Write out exactly the lines below from the one containing "La Petite Fadette - George Sand" to the last, both ends kept, and nothing more; skip all pictures.
##### Provided material
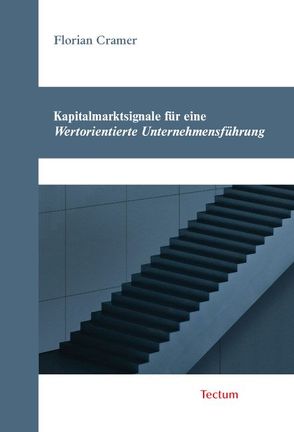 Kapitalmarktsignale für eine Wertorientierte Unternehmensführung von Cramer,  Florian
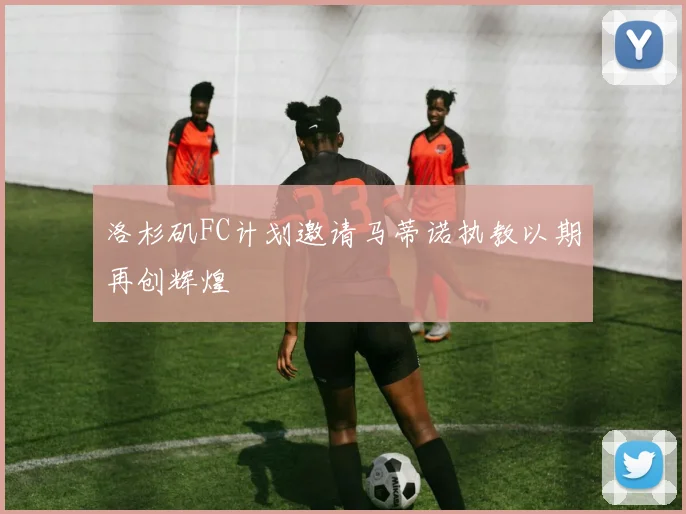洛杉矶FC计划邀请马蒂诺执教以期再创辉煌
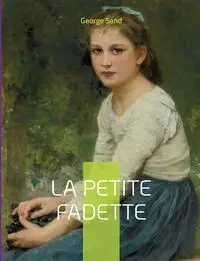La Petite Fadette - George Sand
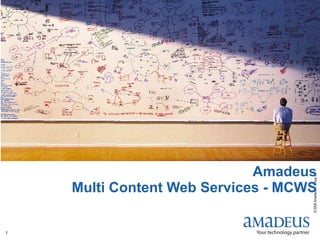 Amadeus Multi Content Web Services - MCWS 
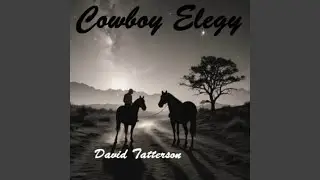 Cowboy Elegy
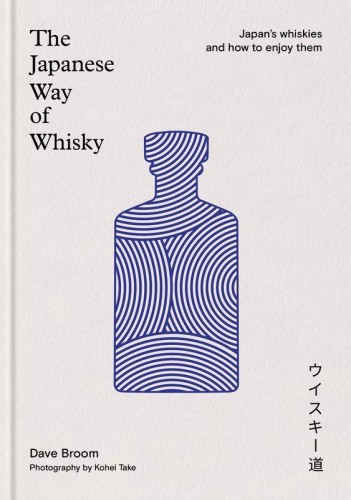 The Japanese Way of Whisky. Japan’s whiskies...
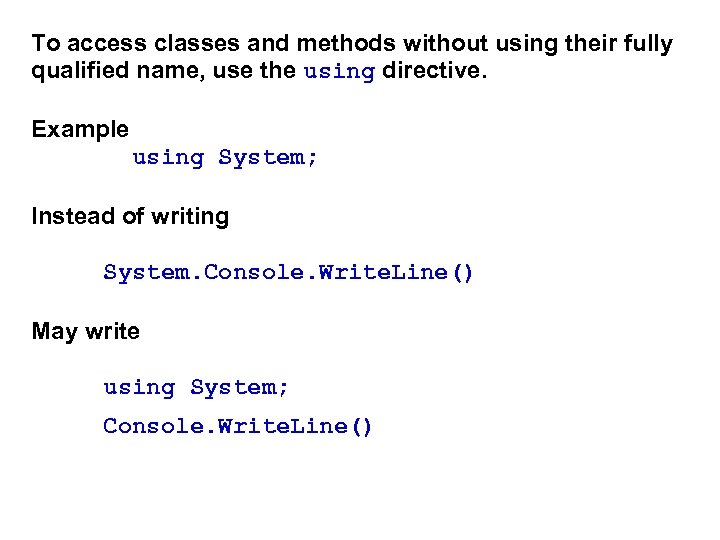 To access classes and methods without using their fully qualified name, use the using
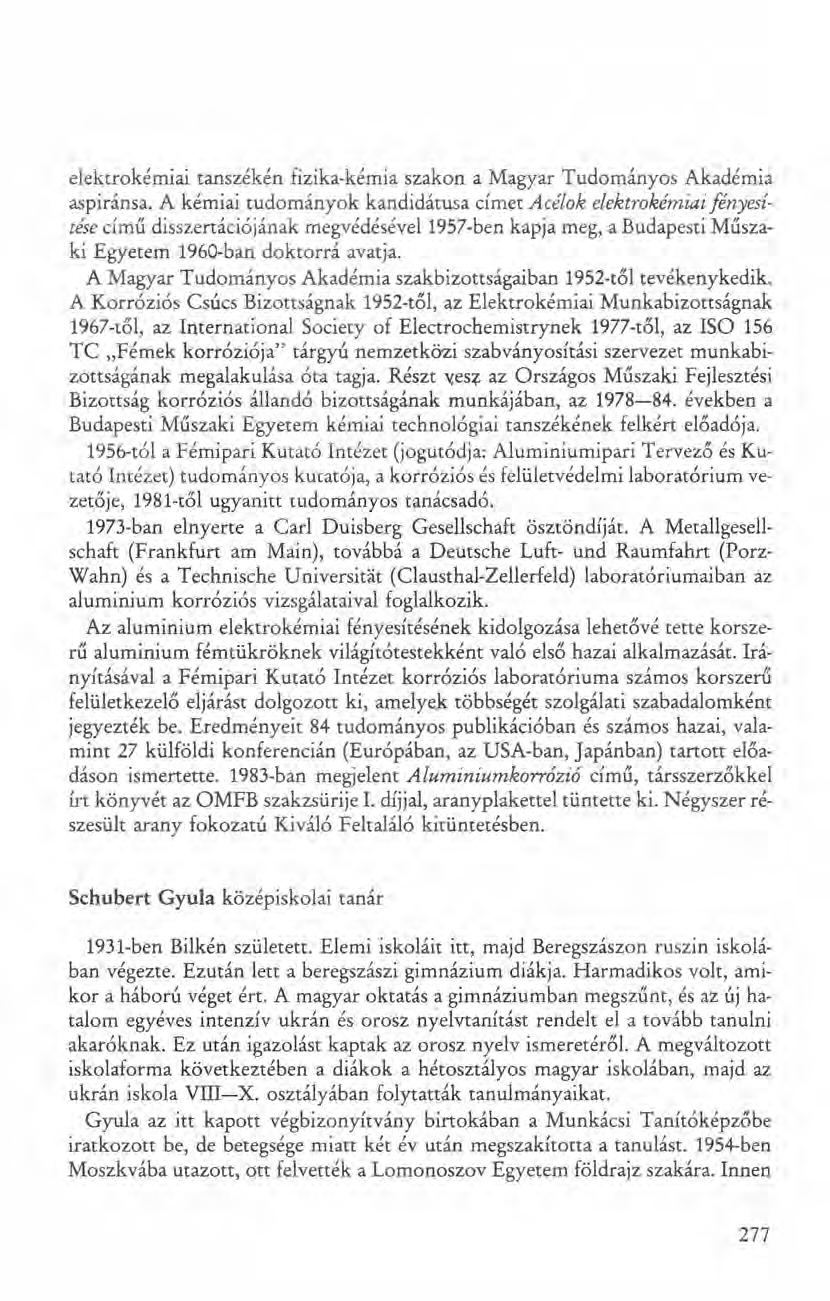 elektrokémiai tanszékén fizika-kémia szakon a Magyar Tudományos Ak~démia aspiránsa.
##########
# [Task solution]
La Petite Fadette - George Sand
 Amadeus Multi Content Web Services - MCWS 
 Cowboy Elegy
 The Japanese Way of Whisky. Japan’s whiskies...
 To access classes and methods without using their fully qualified name, use the using
 elektrokémiai tanszékén fizika-kémia szakon a Magyar Tudományos Ak~démia aspiránsa.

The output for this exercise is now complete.